ここに私が持っている3種の「聊斎志異」を載せます。


岩波文庫版「聊斎志異・上下」



第三書館版「ザ・聊斎志異」




平凡社版「聊斎志異・上下」


作者は蒲松齢(ほしょうれい)。

中国の清の時代に書かれた怪異小説です。

全部で491篇。

読破するのはなかなか大変でしたが、何とも言えない達成感があったことを今でも記憶しております。

怪異小説ですから、当然現実の話しではありません。

しかし、これが現代まで読み次がれ、今もなお多くの人々を魅了しているのはやはり、不思議な物に対して人間が持つある種の憧れ、怪異と現実の狭間を体験してみたいという願望が誰にでもあるからではないでしょうか?


この「聊斎志異」の中に「白秋練」という一篇があるのですが、これはバイジーが美しい女性に姿を変え、若い男性と恋に落ちるという物語ですが、私はこれを読んで一つの疑問を持ちました。

実は長江流域に棲息するイルカはバイジーだけではなく、ネズミイルカ科のスナメリも棲息しています。(現在、バイジーは絶滅し、スナメリだけになりましたが、年々数が少なくなっています。)

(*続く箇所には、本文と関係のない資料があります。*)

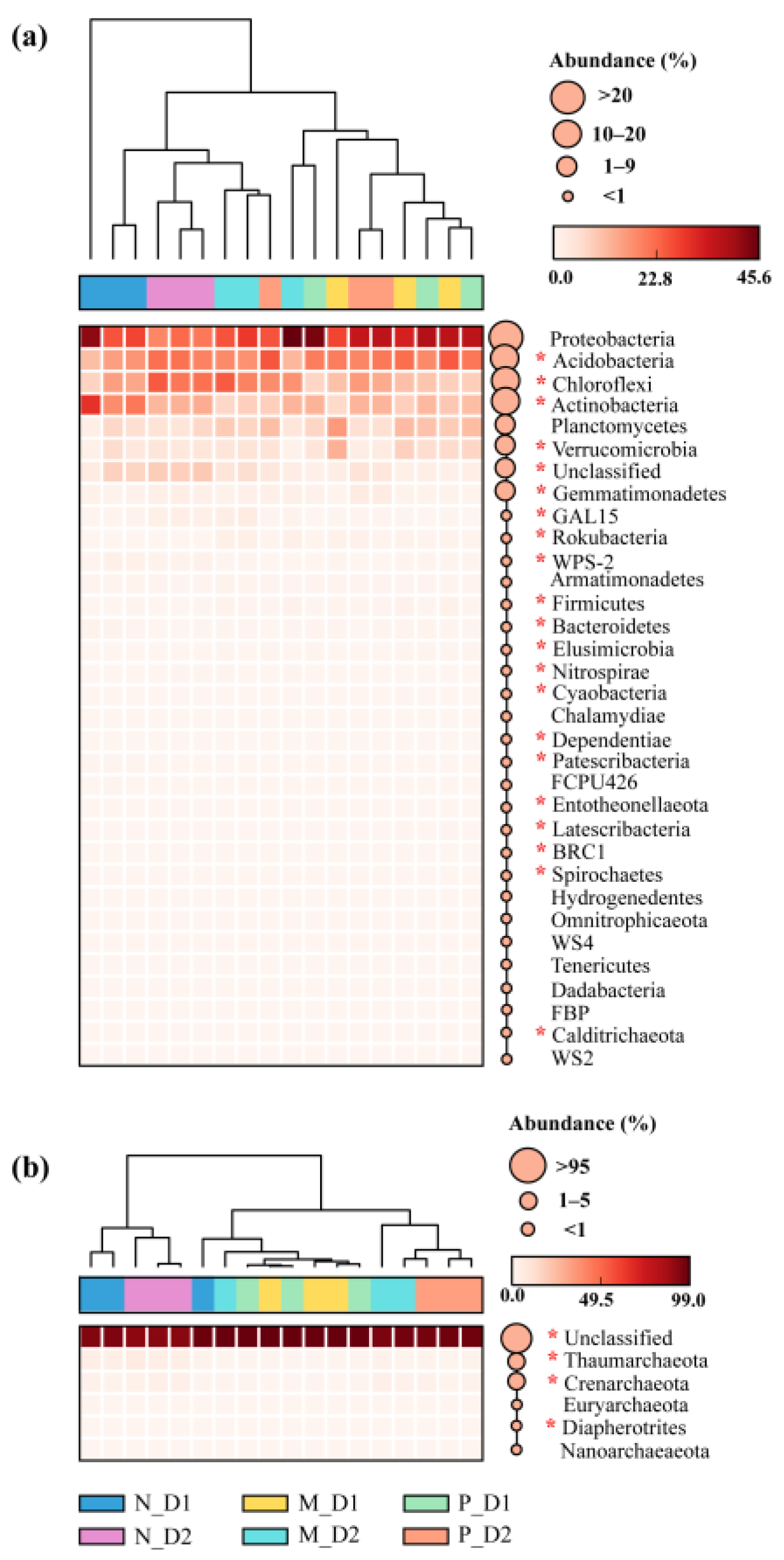 Forests 13 00158 g002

アジア一帯の浅い海に広く分布し、日本近海でも見られます。

このスナメリに関しては、このような物語を私は知りません。

かつてはバイジーとスナメリが仲良く一緒に暮らしていたそうですが、バイジーだけが「長江の女神」とか「平和と幸福の象徴」と崇められ、スナメリの方はそのような言われ方をされていないのはどのような理由からなのでしょうか?

川だけに棲み、大海原にはいないバイジーに対して、昔の人々は何かしら哀愁のような感情を抱いていたのか…


そんなことを考え、何年かぶりに「聊斎志異」を引っ張り出した次第です。